Von größerer Diskurskraft als die universitäre Wissenschaft waren allerdings Forschungsinstitutionen und Beratungsgremien wie das Deutsche Institut für Wirtschaftsforschung (DIW), der 1963 gegründete Sachverständigenrat (SVR) oder die Wissenschaftlichen Beiräte beim Bundeswirtschafts- und Bundesfinanzministerium, die – geprägt von der neueren US-amerikanischen wissenschaftlichen Diskussion um „keynesianische“ Konjunktursteuerung und finanzpolitische Interventionen („fiscal policy“) – eine Politik favorisierten, die Karl Schiller später „Globalsteuerung“ nennen sollte.
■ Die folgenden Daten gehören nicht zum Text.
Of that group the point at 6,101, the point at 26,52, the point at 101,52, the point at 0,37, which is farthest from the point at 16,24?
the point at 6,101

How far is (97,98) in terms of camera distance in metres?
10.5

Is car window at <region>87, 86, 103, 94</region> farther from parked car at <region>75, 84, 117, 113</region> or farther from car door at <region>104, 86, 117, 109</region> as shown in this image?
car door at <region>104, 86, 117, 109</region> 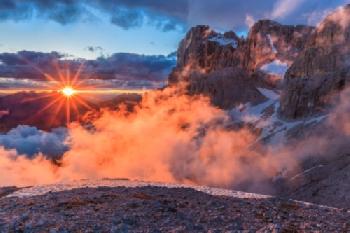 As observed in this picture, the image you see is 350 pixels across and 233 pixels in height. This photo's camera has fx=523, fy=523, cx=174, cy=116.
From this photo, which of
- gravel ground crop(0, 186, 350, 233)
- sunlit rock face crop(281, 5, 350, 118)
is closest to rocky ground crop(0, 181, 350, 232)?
gravel ground crop(0, 186, 350, 233)

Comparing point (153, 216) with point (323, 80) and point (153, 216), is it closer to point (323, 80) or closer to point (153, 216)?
point (153, 216)

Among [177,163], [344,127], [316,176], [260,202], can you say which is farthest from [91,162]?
[260,202]

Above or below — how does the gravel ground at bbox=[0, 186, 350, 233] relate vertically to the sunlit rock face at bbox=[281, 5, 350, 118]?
below

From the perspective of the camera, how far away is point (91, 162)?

Ob also die Mehrheit der deutschen Volkswirtschaftsprofessoren „Keynesianer“ waren, lässt sich ernsthaft anzweifeln; doch die mediale Kraft der institutionellen Vertreter war so groß, dass sie den Diskurs ab Mitte der 1960er Jahre keynesianisch prägen konnten.26

Die gesellschaftlichen Großorganisationen (Gewerkschaften und Arbeitgeberverbände) hatten verständlicherweise sehr unterschiedliche Vorstellungen von der Funktionsweise marktwirtschaftlicher Ökonomien: Die Gewerkschaften übernahmen – ähnlich der Sozialdemokratie – mit dem DGB-Grundsatzprogramm von 1963 weitgehend ein keynesianisches Ökonomieverständnis, das durch wirtschaftsdemokratische Elemente (Mitbestimmung) angereichert wurde, und sie unterstützten folglich keynesianisches Demand Management im Sinne der Schiller’schen Globalsteuerung nachhaltig (vgl. Netzband 1983). Die Arbeitgeberverbände hingegen standen dem Keynesianismus grundsätzlich skeptisch gegenüber, sahen in ihm ein Einfallstor für sozialistische Planwirtschaft und betonten die Systemwidrigkeit zum Selbstregulativ der Marktwirtschaft (vgl. ebd.: 225ff.). Gleichwohl hielt sich ihr Widerstand gegen die Kodifizierung des Keynesianismus in Form des StabG (‚superlex‘) in engen Grenzen, wenn nicht sogar von anfänglicher Unterstützung gesprochen werden muss.27 Dies lässt sich wohl nur verstehen im Kontext der fast schon panischen Reaktion breiter Bevölkerungskreise auf die 1966 einsetzende krisenhafte Entwicklung28 und die zunehmende Verunsicherung hinsichtlich der Strahlkraft des marktwirtschaftlichen Systems vor dem Hintergrund scheinbarer wirtschaftlicher Aufholprozesse der sozialistischen Ökonomien Osteuropas im Allgemeinen und der DDR im Besonderen sowie den Studentenprotesten, die eine marxistische Systemtransformation einforderten (vgl. Nützenadel 2005: 187ff.; Metzler 2005: 286f.).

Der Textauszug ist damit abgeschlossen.